§ EXERCISE DETAILS
Once the images are set aside, output the listing exactly as it stands.

=== RECORDED DATA ===

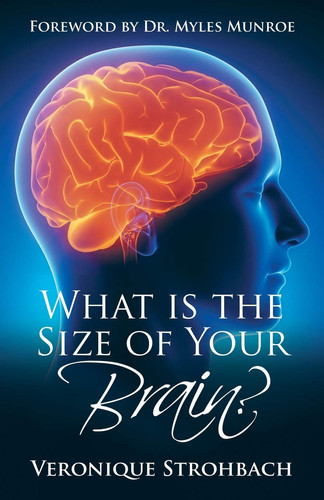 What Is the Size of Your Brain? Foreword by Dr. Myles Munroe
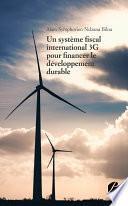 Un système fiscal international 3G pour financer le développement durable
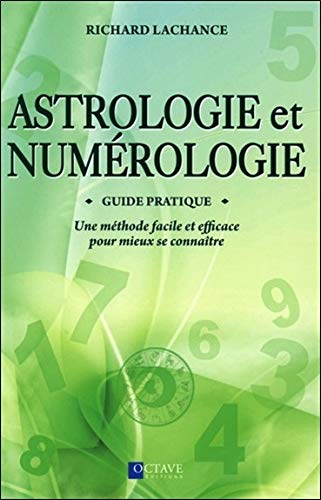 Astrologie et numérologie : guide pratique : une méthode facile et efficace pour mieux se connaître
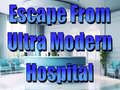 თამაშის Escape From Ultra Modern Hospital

===

§ TASK SOLUTION
 What Is the Size of Your Brain? Foreword by Dr. Myles Munroe
 Un système fiscal international 3G pour financer le développement durable
 Astrologie et numérologie : guide pratique : une méthode facile et efficace pour mieux se connaître
 თამაშის Escape From Ultra Modern Hospital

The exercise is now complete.